During the Cuban missile crisis John F. Kennedy was said to have informed the Russians that he did not control the American army: the Russians subsequently stood down and did not supply Cuba with nuclear weapons to protect it. While President Putin of Russia has become wildly popular through the annexation of what historically was Russian Crimea, and all the more so as sanctions have piled up: the truth is that Russia has next to no control of Ukrainian rebel forces. Russia could close the border, which has been flooded with refugees. Russia has consistently called for a political solution to the problem. Either Russia was being two-faced, and wants a major conflict right on its border: or it actually does not control what is happening in Ukraine. Russia's army, while one of the premier armies in the world: is not a uniform fighting force. There is much corruption in the Russian ranks. There is every chance that a Russian battalion fired a missile at the Malaysia Airlines flight MH 17. There is also every chance that certain elements of the Russian army have been galvanised into supplying weapons and assistance to the Ukrainian rebels. It is possible of course that Russia, with the support of Vladimir Putin is directly involved in events on the ground in Ukraine.

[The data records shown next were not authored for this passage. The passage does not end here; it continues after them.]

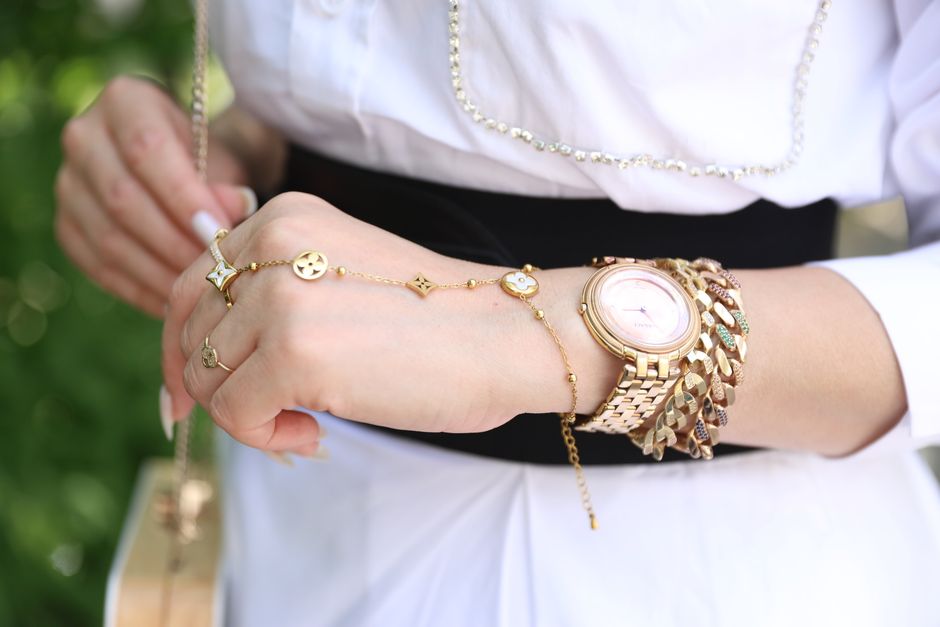 Close-up of a woman adding a delicate necklace to a simple, elegant top, showcasing the power of accessories in women's fashion advice.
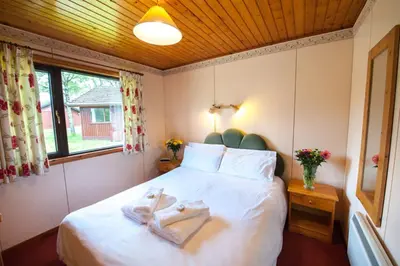 a bedroom with a bed with two towels on it at Heron Lodge sleeps up to 4 with free wifi in Crianlarich
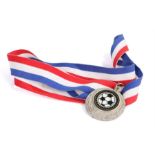 Ed Sheeran's football medal, the metal medal with a football attached to the red, white and blue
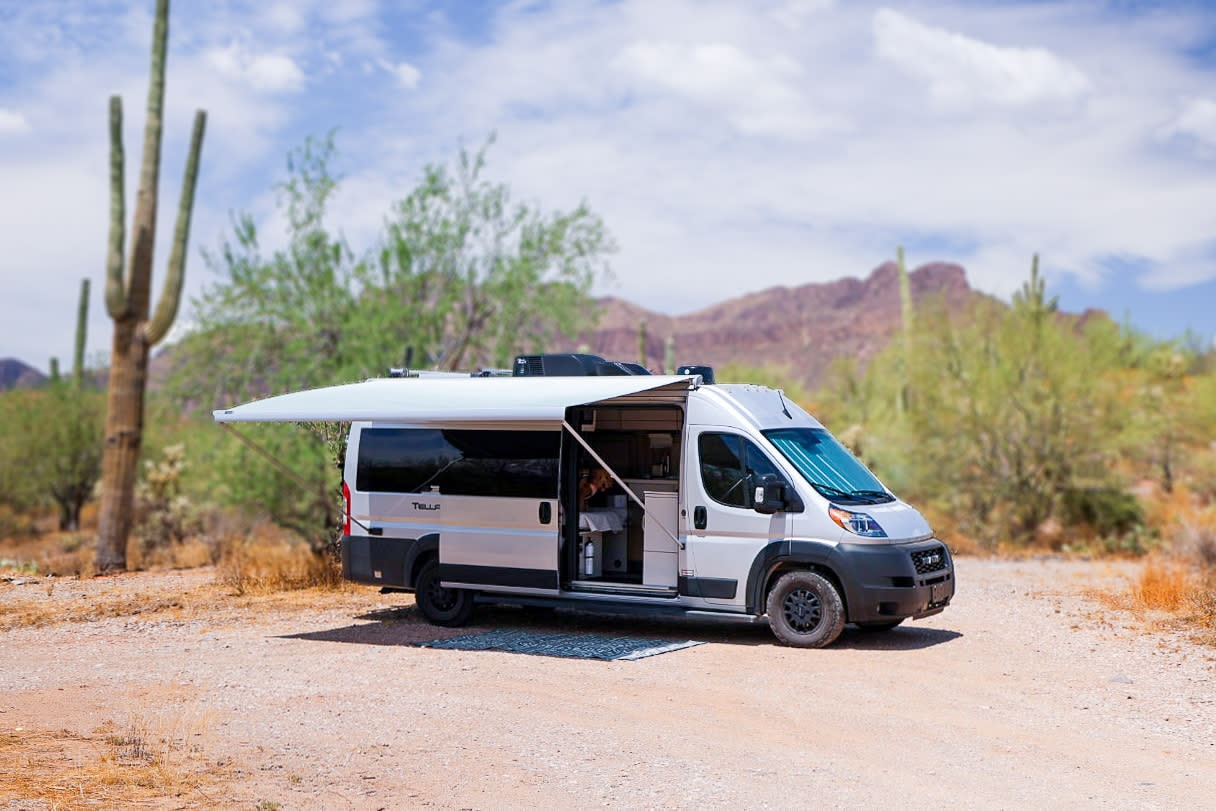 A white camper van RV rental with an extended awning is parked on a dirt road in a sunny desert landscape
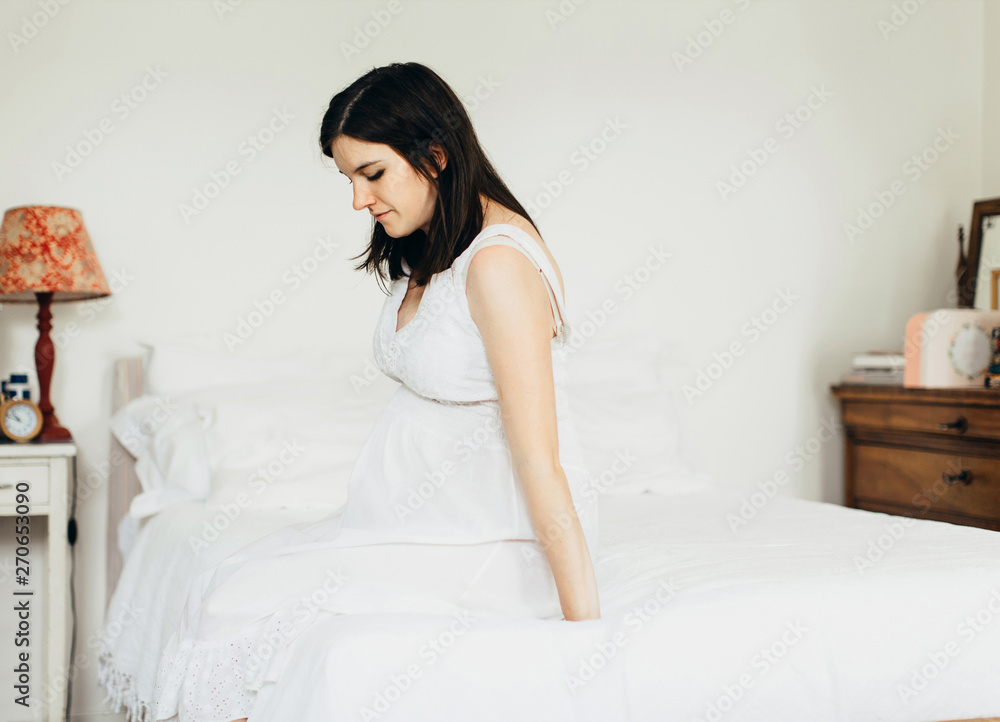 Thoughtful expectant woman sits on bed in bright bedroom Thoughtful expectant woman sits on bed in bright bedroom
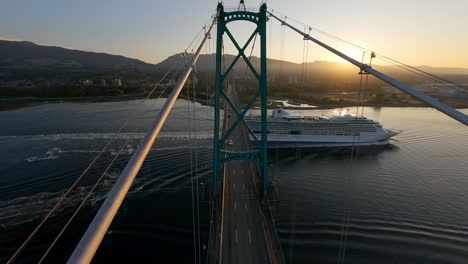 lions gate bridge crosses burrard inlet with cruise ship during golden hour in vancouver, bc, canada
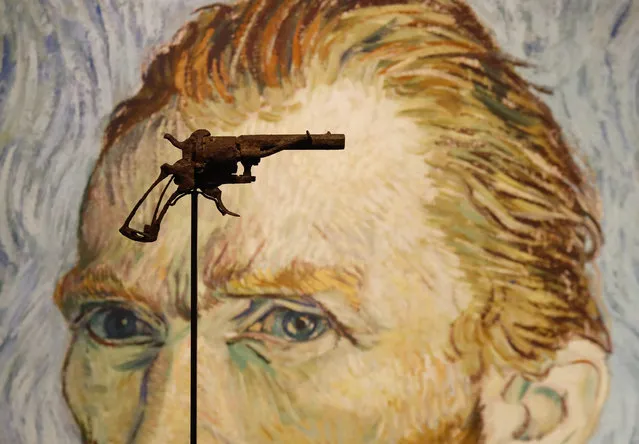 A revolver believed to be the gun Dutch 19th century painter Vincent Van Gogh would have used to kill himself on 27 July 1890 is on public display at Paris' Drouot auction house on June 19, 2019 before it goes under the hammer later today. The gun was found in the field where the artist committed suicide in Auvers-sur-Oise by a farmer around 1960 and was handed to the current owner's mother. (Photo by Francois Guillot/AFP Photo)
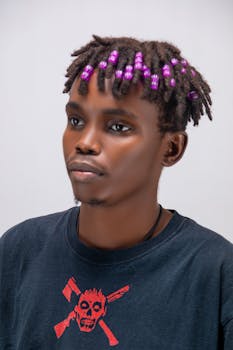 Stylish portrait of a young man with purple beaded hair on a neutral background.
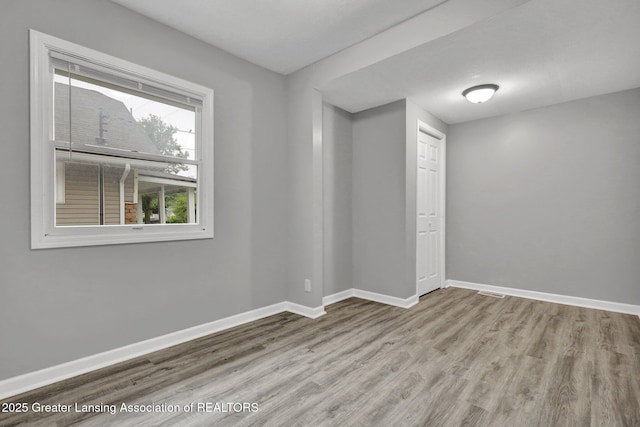 425 Filley St, Lansing, MI 48906 - spare room featuring wood finished floors and baseboards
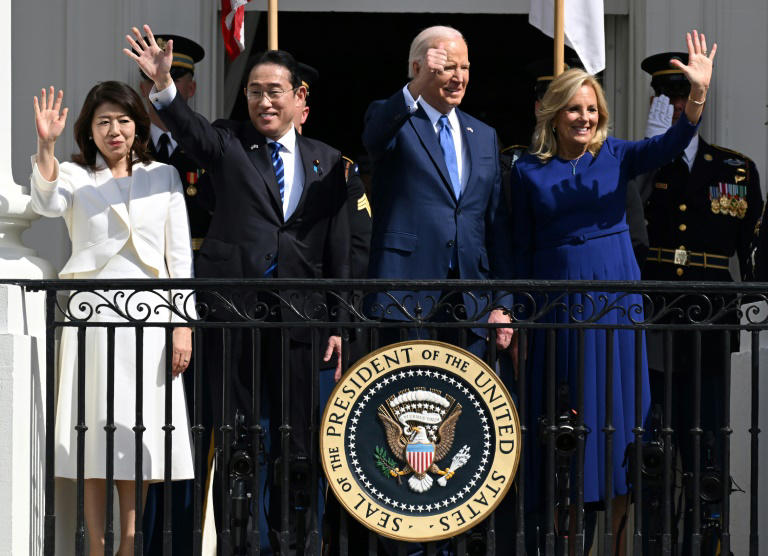 (L-R) Yuko Kishida, her husband Japanese Prime Minister Fumio Kishida, US President Joe Biden and First Lady Jill Biden wave from the Truman Balcony during an Official Arrival Ceremony on the South Lawn of the White House in Washington, DC, April 10, 2024.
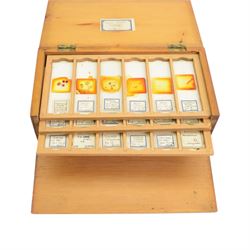 Early 20th century brass microscope, with black lacquer finish by C. E Baker of High Holborn, with lenses and plates contained within a wooden case, together with a collection of prepared microscope slides of predominantly histological and botanical specimens, contained within a wooden case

The problem with this is that Putin is not a king but a businessman. Russia is often connected with the concept of oligarchy. Putin has dedicated himself to improving Russia's business interests and thus his own business interests as well. Popularity is great but not essential for Putin to remain on Russia's throne. Russia could have cut off gas to Europe, it has not done so because it does not make business sense to. When JFK did not control the American army during the Cuban missile crisis: he did not publicise it but quietly informed the Russians of it. If Ukrainian rebels or Russian forces shot down the passenger jet: if anything it is evidence that Putin does not control them. The beautiful thing about countries such as Russia or China is that they are governed first and foremost by self-interest. Anything that harms Russia on the global scale is not something Russia is likely to pursue. If an airliner was accidentally shot down: as the Ukrainians in fact claim: then this is a sign that Russia does not control the rebels. Russia or Russian forces, notorious for corruption and the selling of arms: could well have supplied such weaponry, but an accidental shooting is very different from an intentional downing of an aircraft. The high likelihood, that rebel claims, that they had captured missile systems from the Ukrainian army, are factual, might suggest that a lack of Russian involvement in the conflict is to blame. If the plane was shot down by accident: it means those who were operating the missile system were not properly trained. It means that rebel attempts to get Russian forces to train them with the system, likely failed.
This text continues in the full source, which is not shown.